Edie Sedgwick meurt elle aussi au début des années 70, à l’âge de 28 ans, fragilement déprise de l’héroïne mais encore accroc à l’alcool et aux barbituriques. Pourtant, à l’inverse des artistes que nous venons de citer (ainsi que de Marylin Monroe, disparue quant à elle au début des années 60 et à qui Edie Sedgwick fut brièvement comparée pour l’un de ses rôles dans un film expérimental de Warhol), Edie incarne la part jetable des Sixties. Le vent, le vide. Celle qui, à peu de choses près, et malgré une présence remarquée sur le moment, n’a rien laissé, n’a rien «été». Une rapide apparition dans un courant d’air de strass, de came, de sexe et d’argent. Ce qui rend le livre de Jean Stein si touchant, c’est justement que l’effort qu’elle déploie pour la cerner nous rend finalement encore plus tangible cette tragique inconsistance. Elle retrace la vie de l’ancienne muse de Warhol non pas en construisant un récit biographique en tant que tel mais à travers une série d’entretiens croisés. Entretiens de ceux qui l’ont connue ou simplement côtoyée : des membres de sa famille, des amis anonymes mais aussi tout un panel de figures marquantes de l’époque, de Warhol à Ginsberg en passant par Gore Vidal, Lichtenstein, ainsi que des magnats du cinéma porno, de la mode ou de la spéculation artistique. Stein introduit aussi quelques extraits d’entretiens de Sedgwick elle-même (extraits de films, entretiens donnés de son vivant). Et pourtant, cet impressionnant faisceau de paroles et de regards, nous laisse encore et encore dans la bouche le goût amer du vide. Le livre de Stein n’esquisse finalement qu’une ombre, une ombre émouvante vouée à la destruction depuis sa plus tendre adolescence et passée à côté de tout. On en garde l’image d’une femme-enfant qui aura peuplé ses béances profondes de fantômes turbulents. Mais ce portrait est aussi celui, en filigrane, de la face sombre d’une époque. Et l’on y sent passer un appel d’air funèbre et vibrionnant qui souffle bien au-delà des années 60.



 

Edie Sedgwick est la dernière-née d’une fratrie de sept enfants. Elle descend d’une illustre famille de Nouvelle-Angleterre qui s’est installée en Californie avant sa naissance. Si cette dynastie n’était pourtant plus si riche, son père s’est retrouvé à la tête d’une fortune colossale du jour au lendemain en découvrant sur ses terres une gigantesque réserve de pétrole. Mais le paradis va très vite se changer en enfer…Edie et ses frères et sœurs grandissent dans un espace à la fois immense (le second plus grand ranch de Californie) et aux allures carcérales.
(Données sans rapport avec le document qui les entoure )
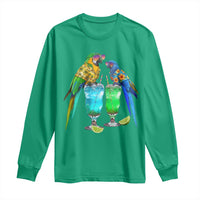 Hawaiian Parrots Drinking Margaritas Long Sleeve Shirt Beach Vacation Gift
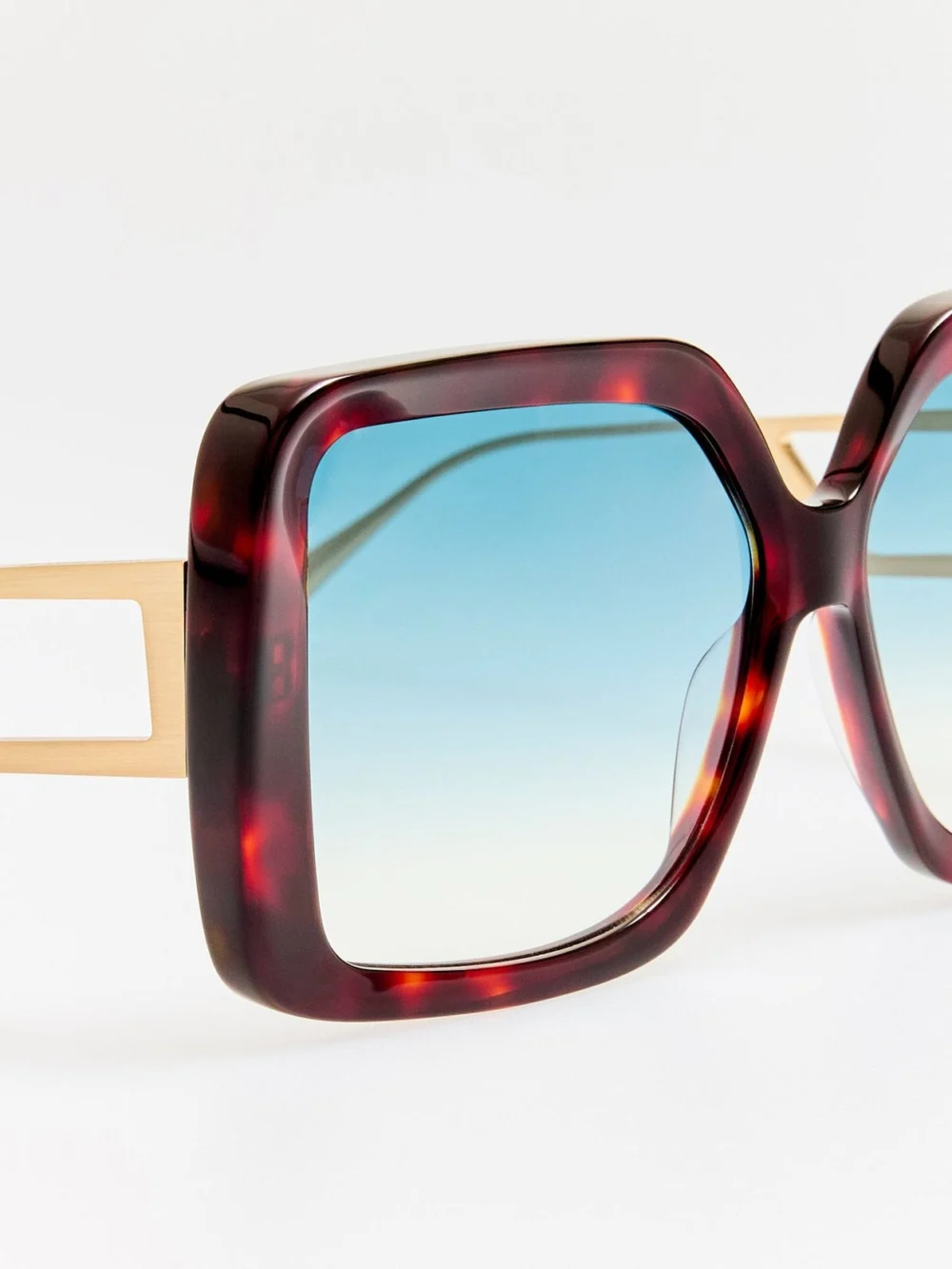 Linda Farrow Macy Vista Temple Sunglasses, dark tortoiseshell with blue lens, view 4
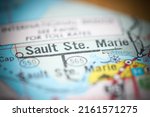 Sault Ste. Marie. Michigan. USA on a geography map.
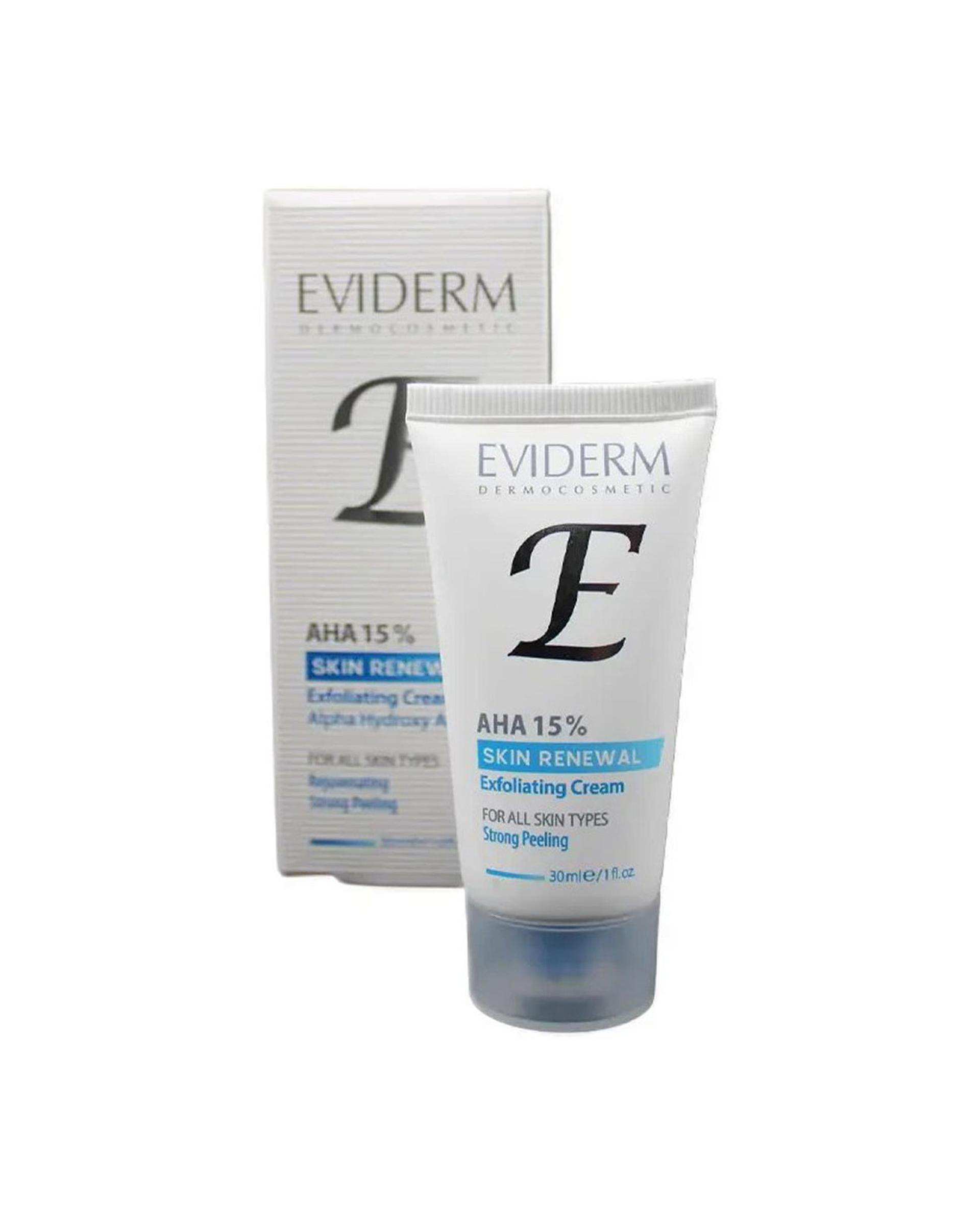 کرم لایه بردار اویدرم Eviderm حاوی آلفا هیدروکسی اسید 15% حجم 30ml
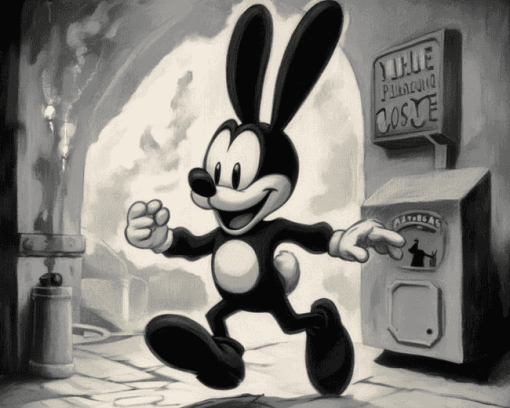 Oswald The Lucky Rabbit Monochrome Diamond Painting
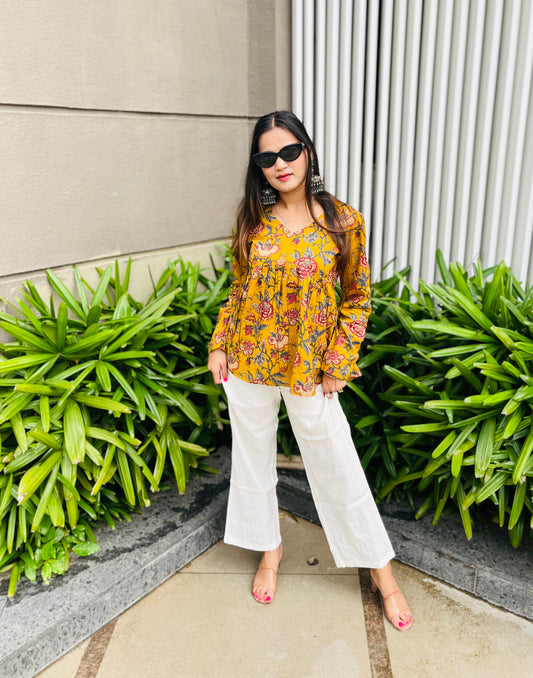 Cara Mustard Peplum Top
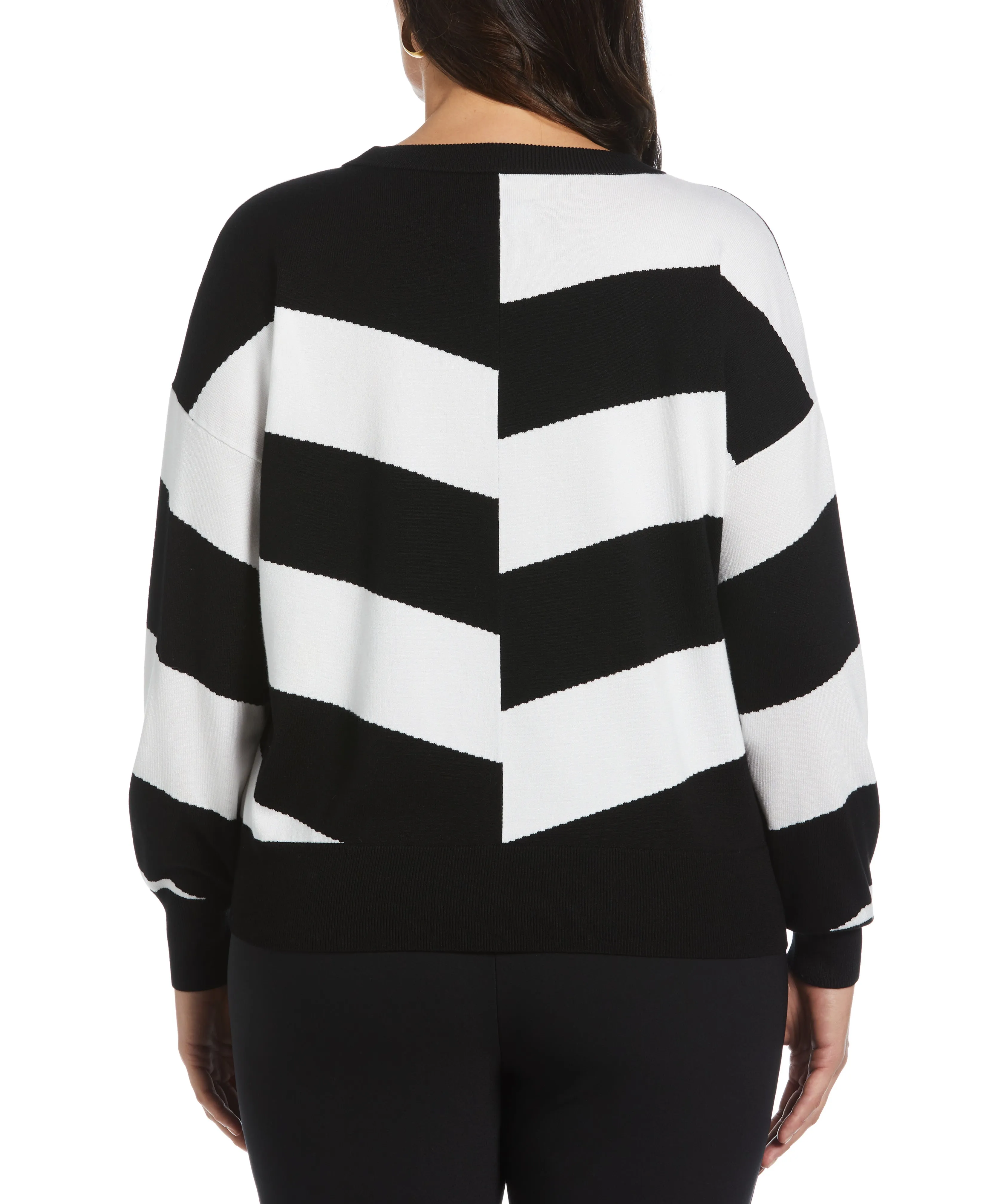 Plus Size Chevron Crew Neck Easy Sweater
Ils sont les fruits d’un milieu autiste, coupé du monde et de ses réalités où trône un père caricaturalement narcissique qui brille à la fois par son absence, son autorité sans partage et sa conception pour le moins glaçante de la paternité. C’est sur le terreau du mépris tyrannique et des humiliations verbales quotidiennes que cet Apollon wasp égaré dans les plaines de l’Ouest fait subir à ses enfants, que ceux-ci poussent tant bien que mal, à la manière de ces plantes grimpantes contraintes de composer avec les sentiers tortueux qu’on leur impose. Ce cocktail détonant d’argent à outrance, d’isolement, de liberté (le père les laisse le plus souvent livrés à eux-mêmes dans leur prison dorée) et de soumission à la puissance destructrice d’un géniteur à l’ego ubuesque a des effets fracassants. Anorexie, obésité, alcoolisme et tendances suicidaires sont les premiers trésors que se partage dès l’adolescence une bonne partie de la couvée Sedgwick. Son frère Minty se pendra en hôpital psychiatrique à l’âge de 26 ans, un autre de ses frères friand d’autodestruction se tuera à moto. Les dés sont jetés…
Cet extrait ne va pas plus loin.